Really? That surprises me, especially with their lifetime guarantee. That's not my experience though. You must've been wearing them 24/7 in downtown Baghdad! :icon_smile_wink:

The Docs I bought mid 80s and patrolled in in central London & used when working on the DSU (riot police) are still in very good condition.


----------



## P Hudson (Jul 19, 2008)

If you mean walking through the city, with the occasional easy trail thrown in, I would recommend the AE Fulton as a shoe that fits in the trad range, works with anything from jeans to flannels, and has a good tread.


----------



## eagle2250 (Mar 24, 2006)

srivats said:


> Patrick, is this the alden you had?


Slap a set of plantation crepe soles and heels on those, with an oak bark tanned toe tap, call them an Alden All Weather Walker, and you have the perfect walking shoe...IMHO!


----------



## Joe Beamish (Mar 21, 2008)

Yep, I walk a lot.
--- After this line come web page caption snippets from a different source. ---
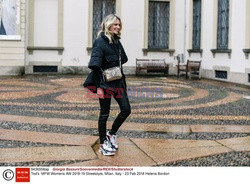 Street fashion na Tygodniu mody w Mediolanie - zima 2018/2019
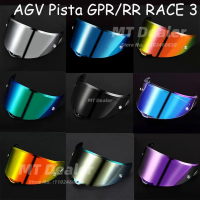 หมวกกันน็อค Visor สำหรับ AGV Pista GP R GP RR Corsa R รถจักรยานยนต์รถมอเตอร์ไซด์เต็มใบหน้าโล่อุปกรณ์ชิ้นส่วนเลนส์กรณีกระจก Moto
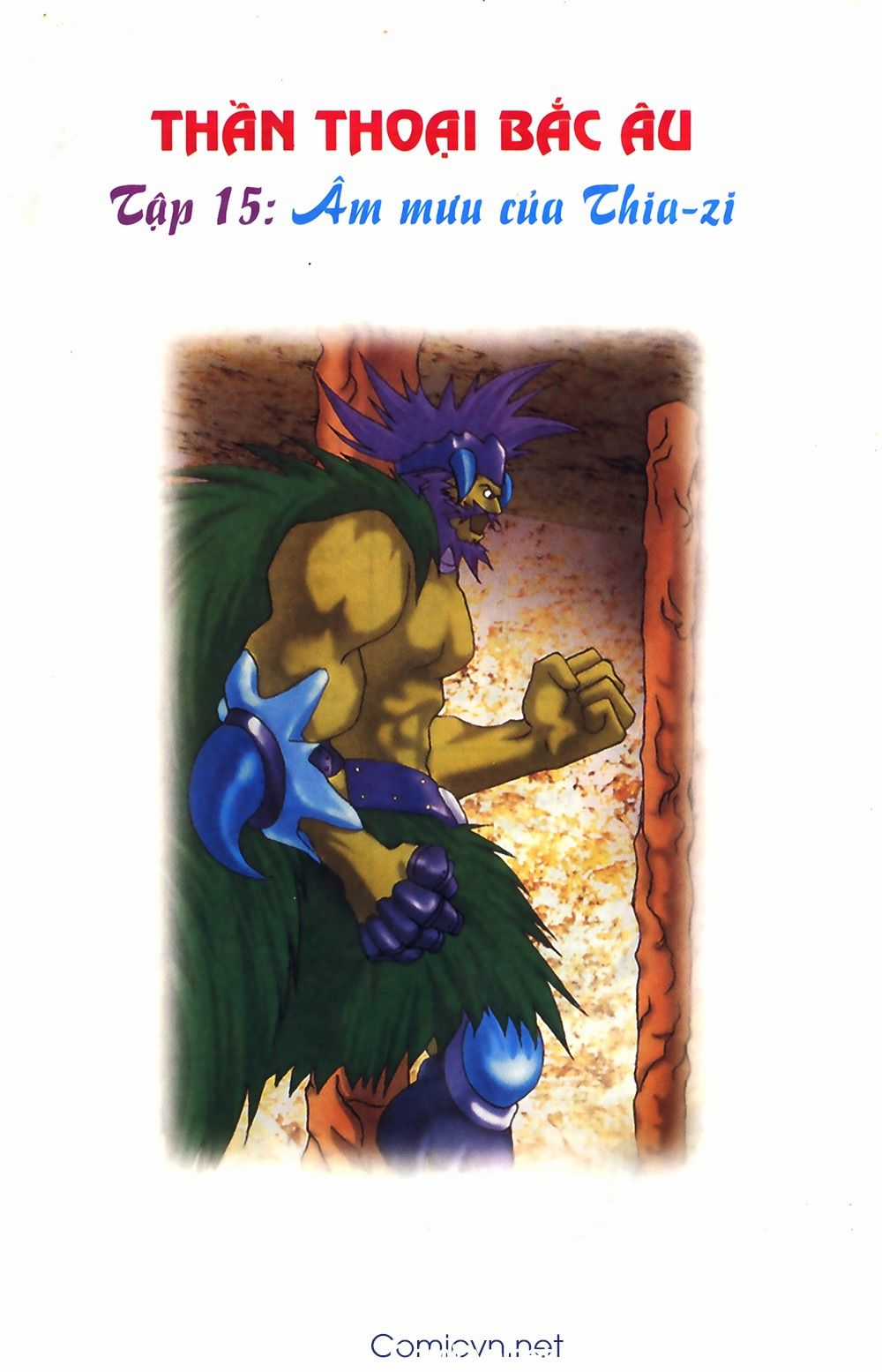 Thần Thoại Bắc Âu - Chapter 15 - Trang 3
The soles wear down very quickly on concrete. Wink, smile, wink.

Smile. Wink.



Earl of Ormonde said:


> Really? That surprises me, especially with their lifetime guarantee. That's not my experience though. You must've been wearing them 24/7 in downtown Baghdad! :icon_smile_wink:
> 
> The Docs I bought mid 80s and patrolled in in central London & used when working on the DSU (riot police) are still in very good condition.


----------



## Patrick06790 (Apr 10, 2005)

srivats said:


> Patrick, is this the alden you had?


Similar, but mine are standard calf and a clunkier sole. Closer to this, but without the lug sole. I'll take a picture tomorrow.

They were very cheap, about $125 if I remember right. This was at least five years ago.

https://www.aldenshop.com/DrawOneShoe.asp?CategoryID=64


----------



## P Hudson (Jul 19, 2008)

These are the AE Fultons I mentioned in an earlier post. I'm showing them because they look so much better in person than the stock image on the AE site.

Of course, it is entirely possible that my picture doesn't do them any justice either. They look overly creased because I am sitting in such a contorted position that it caused me to curl my toes.


----------



## Patrick06790 (Apr 10, 2005)

Lousy pix of the Aldens I mentioned. The other pair is tan. Sorry about the dog hair.


----------